Qu’est-il arrivé à Africville?

Un article écrit par Céline Ahodekon

Quand Ben René, agent de communication du SEN, m’a demandé récemment d’écrire un article sur le sujet, je n’avais jamais entendu parler de la collectivité noire d’Africville. J’ai découvert, à ma grande stupéfaction, qu’on avait violé des  droits fondamentaux des gens de cette collectivité, et que cela s’est passé il n’y a pas si longtemps que ça.

Fermez les yeux un instant et imaginez la scène : la maison dans laquelle vous vivez va être rasée parce que quelqu’un, quelque part, a jugé que vos conditions de vie ne lui conviendraient pas. Mais cette personne ne vous prive pas seulement de votre maison, elle vous prive également de votre terre.

Comment vous sentez-vous?

Eh bien, c’est exactement ce qui s’est passé dans la plus ancienne et la plus importante collectivité noire d’Halifax – Africville –, qui s’était établie dans la ville plus d’un siècle plus tôt.

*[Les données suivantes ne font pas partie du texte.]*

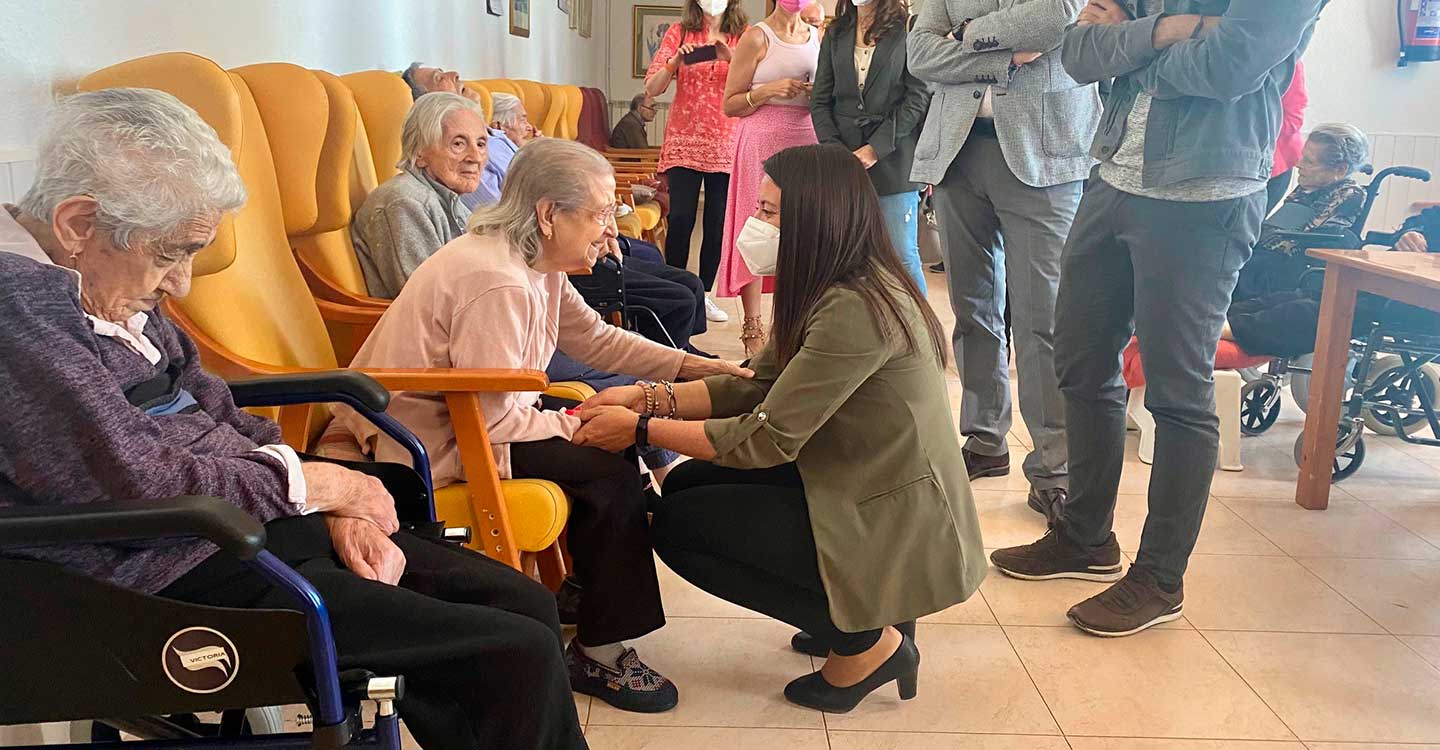 Bárbara García Torijano visita la Residencia de Mayores 'El Palazuelo' de Alcocer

Il faut dire que la collectivité noire d’Africville devait se débrouiller sans des services de base comme l’eau potable, des routes pavées ou l’électricité; pourtant, elle se tirait bien d’affaire – jusqu’à ce que le conseil municipal d’Halifax déclare qu’Africville est un bidonville et envoie des camions à benne pour y faire le ménage. Et c’est ainsi que la population d’Africville est arrivée dans son nouveau lieu de résidence… dans la benne d’un camion1.

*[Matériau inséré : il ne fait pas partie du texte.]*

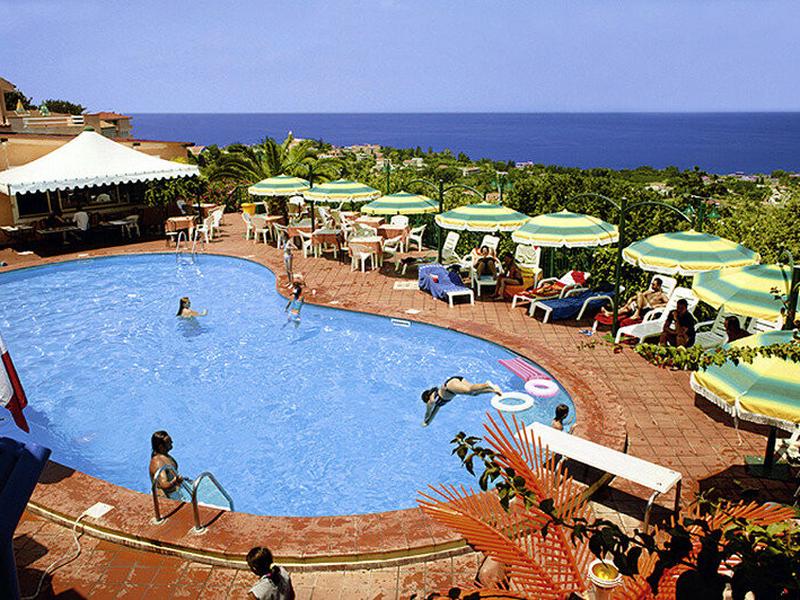 919BA89A11CF93339D4AFF5BB3077A00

Un homme qui sortait de l’hôpital a découvert à sa sortie qu’il n’avait plus de maison2.

C’est toute la collectivité qui a été anéantie. Paradoxalement, les résidents arrachés à leur maison ont dû s’installer dans des logements publics eux-mêmes abandonnés3. Comment cela a-t-il été possible? Les gouvernements ne devraient-ils pas toujours tenter d’améliorer les choses?

Dans le cas qui nous occupe, les habitants d’Africville sont passés de conditions de vie médiocres à des conditions de vie encore pires…

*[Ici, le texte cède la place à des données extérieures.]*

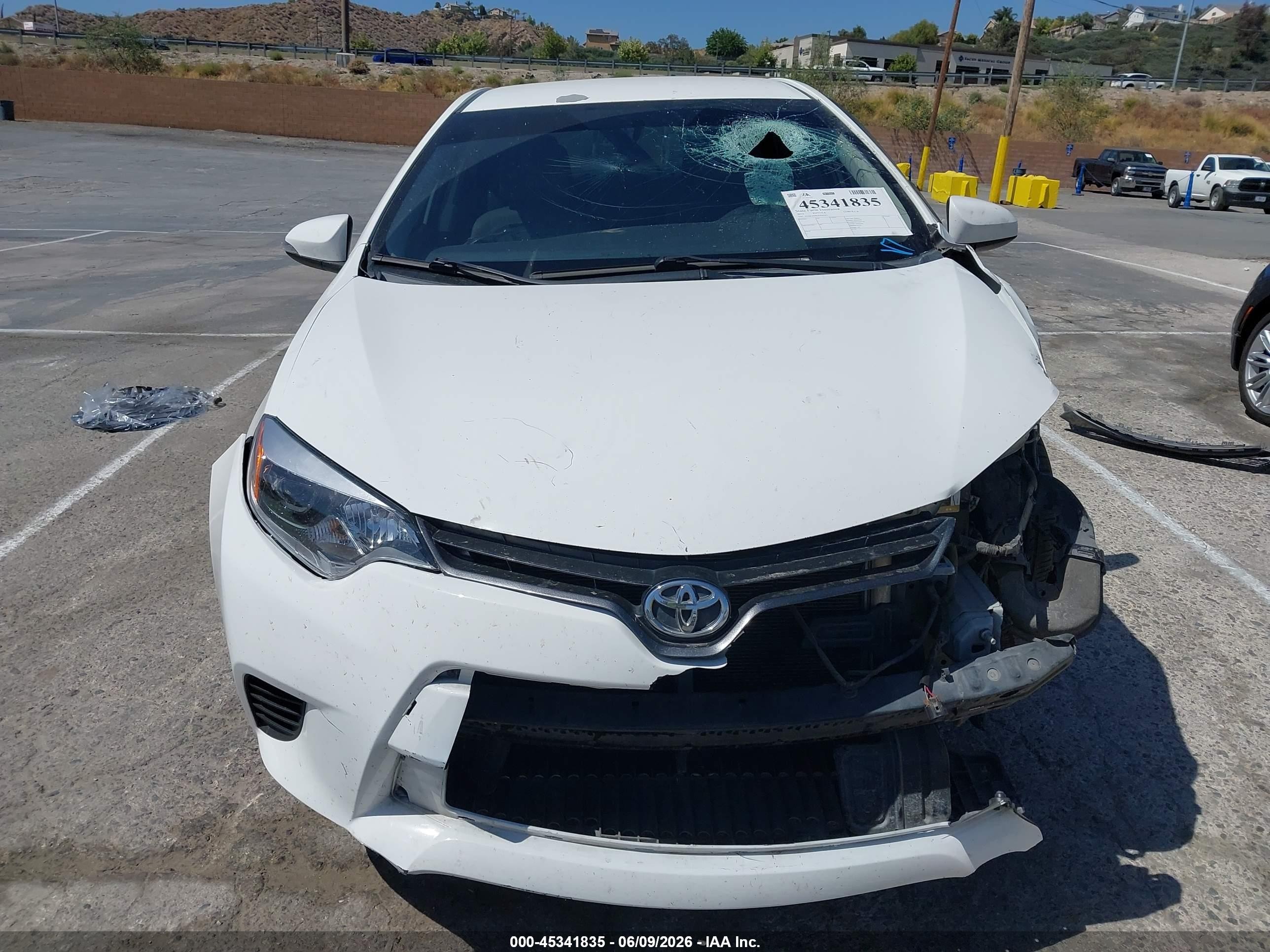 2015 Toyota Corolla Le White vin: 5YFBURHE2FP201821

À mon avis, ce que les autres disent importe peu : le chez-soi, c’est le lieu où vivent nos souvenirs. Africville, c’était le chez-soi de ces gens. C’était peut-être un des pires bidonvilles du pays, c’était quand même un milieu de vie pour ses résidents.

Un ancien résident résume la situation de cette façon : « Nous n’avons pas seulement perdu le toit au-dessus de nos têtes : la collectivité noire d’Africville a perdu sa joie de vivre, sa culture, son identité et, en conséquence, son âme4. »

« Les habitants d’Africville ne pouvaient pas compter sur une organisation qui aurait défendu ses droits », affirme un participant dans un documentaire5. Encore une fois, chers confrères et chères consœurs, cet épisode me rappelle que, pour gagner une bataille, nous devons nous serrer les coudes et montrer qu’une attaque contre un est une attaque contre tous.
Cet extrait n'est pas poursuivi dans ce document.